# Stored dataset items
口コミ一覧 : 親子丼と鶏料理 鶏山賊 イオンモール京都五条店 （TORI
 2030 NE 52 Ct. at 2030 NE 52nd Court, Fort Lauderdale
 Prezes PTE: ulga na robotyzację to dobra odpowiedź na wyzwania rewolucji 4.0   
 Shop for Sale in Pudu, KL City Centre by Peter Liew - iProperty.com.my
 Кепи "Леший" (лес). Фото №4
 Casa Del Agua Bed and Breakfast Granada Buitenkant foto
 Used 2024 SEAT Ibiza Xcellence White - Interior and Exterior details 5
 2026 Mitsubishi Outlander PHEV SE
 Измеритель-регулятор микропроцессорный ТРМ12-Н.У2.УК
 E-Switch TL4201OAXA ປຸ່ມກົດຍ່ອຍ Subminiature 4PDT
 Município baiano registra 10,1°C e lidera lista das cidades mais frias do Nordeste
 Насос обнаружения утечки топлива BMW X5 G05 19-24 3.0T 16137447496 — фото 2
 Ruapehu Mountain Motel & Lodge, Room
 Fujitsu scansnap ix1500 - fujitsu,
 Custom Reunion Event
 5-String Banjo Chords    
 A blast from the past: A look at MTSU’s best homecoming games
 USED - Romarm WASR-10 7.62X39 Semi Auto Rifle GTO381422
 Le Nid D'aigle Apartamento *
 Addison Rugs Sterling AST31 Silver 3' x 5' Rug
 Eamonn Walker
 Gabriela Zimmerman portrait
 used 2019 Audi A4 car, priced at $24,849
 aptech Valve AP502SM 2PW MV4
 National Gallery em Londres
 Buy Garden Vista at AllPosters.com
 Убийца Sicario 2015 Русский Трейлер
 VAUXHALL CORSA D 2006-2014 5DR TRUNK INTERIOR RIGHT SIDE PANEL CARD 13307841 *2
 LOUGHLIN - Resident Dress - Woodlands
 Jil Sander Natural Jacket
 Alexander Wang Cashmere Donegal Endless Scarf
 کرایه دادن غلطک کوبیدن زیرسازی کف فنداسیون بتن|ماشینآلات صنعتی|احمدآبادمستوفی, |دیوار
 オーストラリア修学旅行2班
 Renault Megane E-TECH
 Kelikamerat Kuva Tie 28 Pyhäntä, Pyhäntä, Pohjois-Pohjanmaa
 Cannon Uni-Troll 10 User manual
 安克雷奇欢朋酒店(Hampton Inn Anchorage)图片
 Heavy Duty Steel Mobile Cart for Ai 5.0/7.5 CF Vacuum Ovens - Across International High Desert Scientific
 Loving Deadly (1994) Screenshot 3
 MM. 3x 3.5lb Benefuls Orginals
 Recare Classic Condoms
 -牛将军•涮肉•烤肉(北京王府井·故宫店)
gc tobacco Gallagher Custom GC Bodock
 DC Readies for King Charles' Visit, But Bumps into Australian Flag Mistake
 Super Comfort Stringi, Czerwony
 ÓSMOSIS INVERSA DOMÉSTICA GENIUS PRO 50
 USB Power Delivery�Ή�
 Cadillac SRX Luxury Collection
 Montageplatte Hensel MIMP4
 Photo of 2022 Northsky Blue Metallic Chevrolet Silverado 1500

# Problem details
Please copy only the lines from the one with "Cadillac SRX Luxury Collection" through the final line of the records above, both ends included.

# Task answer
 Cadillac SRX Luxury Collection
 Montageplatte Hensel MIMP4
 Photo of 2022 Northsky Blue Metallic Chevrolet Silverado 1500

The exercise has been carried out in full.